In terms of uniform there was little difference between grenadier and chasseur. Chasseurs had no plate and no rear patch on their caps, and they had a pointed cuff on their coats - all features that are faithfully reproduced in this set. These men are not wearing full dress, so there are no plumes and trousers are worn by all. Chasseurs often wore the surtout on campaign, but this seems to have declined in favour of the habite in later years, which is the dress of all these figures. The uniform of these men changed little during the life of the Empire, but for those with an eye for minutia the turnbacks on the coat skirts come flush to the lower edge (dating from roughly 1810 onwards) and the knapsacks have the long central strap holding both it and the rolled greatcoat, which also dates to later in the period.
The selection of poses includes two different marching poses, which we feel is something of a luxury with so few poses, and the same could be said for the fifer. However he is a very nice figure and since so many sets contain only drummers it makes a pleasant change to have something different. Overall all the poses are perfectly valid and very useable.
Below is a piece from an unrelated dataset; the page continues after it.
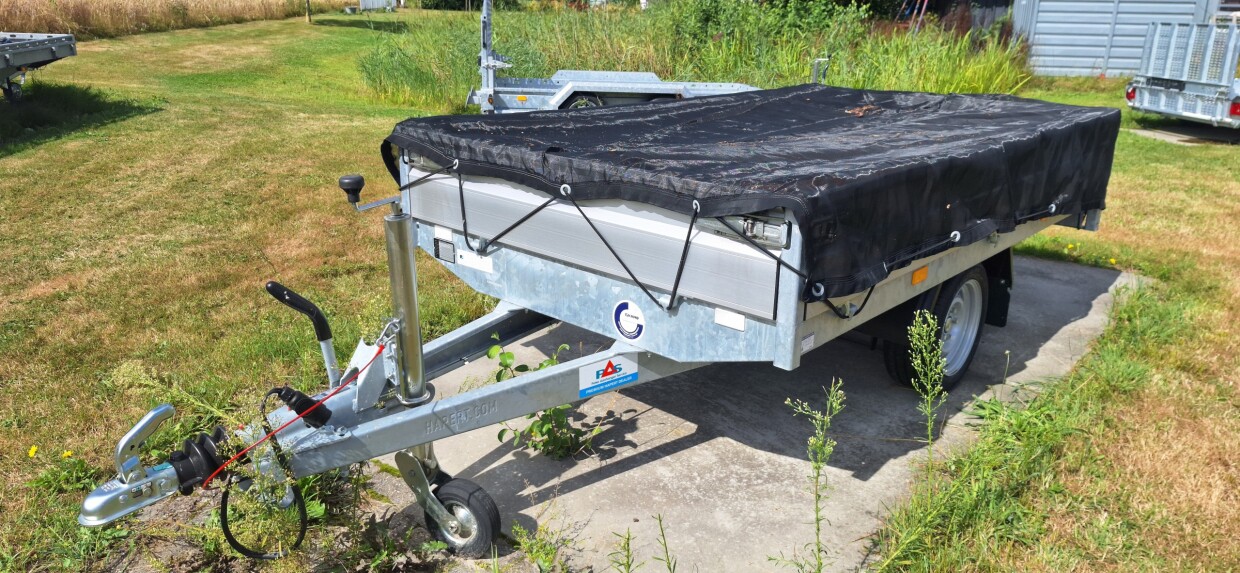 Hapert Azure H1 260 × 150 cm – 1.350 kg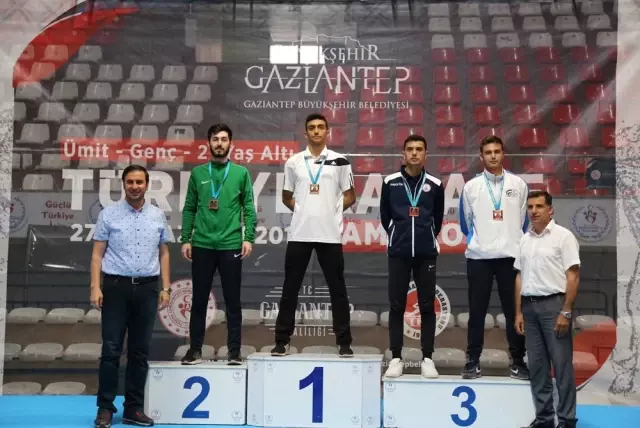 Türkiye Ümit, Genç ve U21 Karate Şampiyonası sona erdi Türkiye Ümit, Genç ve U21 Karate Şampiyonası sona erdi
Sculpting is pretty good, with reasonable detail and excellent proportions. Some small items such as badges on pouches and turnbacks have been left off because such badges varied between units and over time, so the customer is free to paint in what they require. The moustachioed faces are very appealing, and the overall proportions are good with very little flash.
The last figure in the second row is the NCO - a sergeant. He is distinguished both by the manner of carrying his musket and the diagonal strip on his lower sleeves. However these seem to be the single stripe of the grenadiers rather than the inverted 'V' shape of the chasseurs. Also this man has chosen, quite against regulations, to place his three long-service chevrons (meaning over 20 years service) on both upper sleeves rather than just the left as required. Again such things are easily fixed with a sharp knife or painting, so not a problem really.
With so many sets of grenadiers made it is nice to see a good set of chasseurs make an appearance, and this one has a lot of charm. We would have preferred more of the firing figure and slightly fewer of the marching figures, but on the whole this is a very fine product.